Final answer:
To find the equation for a parabola that opens down and has the x-intercepts (1,0) and (7,0), we can first find the vertex, which is the highest point on the parabola. Then, we can use the vertex form of the equation to find the final equation.
Step-by-step explanation:
To find the equation for a parabola that opens down and has the x-intercepts (1,0) and (7,0), we can start by finding the vertex of the parabola. Since the parabola opens down, the vertex will be the highest point on the parabola. The x-coordinate of the vertex is the midpoint between the x-intercepts, which is (1+7)/2 = 4. The y-coordinate of the vertex is 0, since the vertex lies on the x-axis. So the vertex is (4,0). To find the equation for a parabola that opens down and has the x-intercepts (1,0) and (7,0), we can start by finding the vertex of the parabola. Since the parabola opens down, the vertex will be the highest point on the parabola. The x-coordinate of the vertex is the midpoint between the x-intercepts, which is (1+7)/2 = 4. The y-coordinate of the vertex is 0, since the vertex lies on the x-axis. So the vertex is (4,0).
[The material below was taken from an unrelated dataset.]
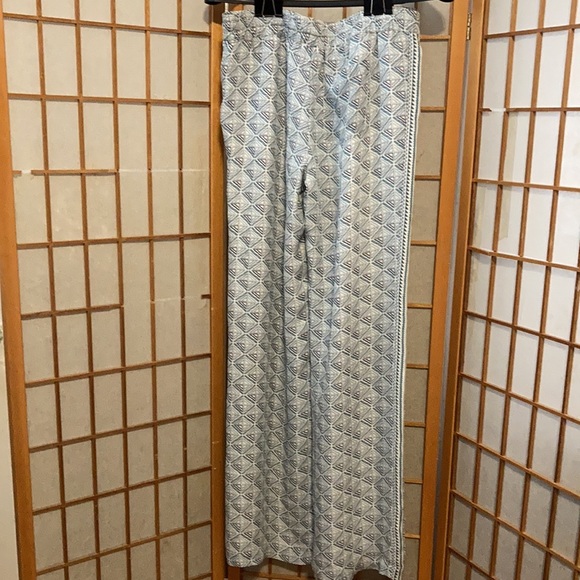 New no tags   Joie long pants. 100% silk.  Small but roomy. - Picture 4 of 8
Now that we have the vertex, we can use the vertex form of the equation: y = a(x-h)^2 + k, where (h,k) is the vertex. Plugging in the values from the vertex, we get: y = a(x-4)^2 + 0. Since the parabola opens down, a must be negative. Let's say a = -1. The equation of the parabola is then y = -(x-4)^2.
So the equation for a parabola that opens down and has the x-intercepts (1,0) and (7,0) is y = -(x-4)^2.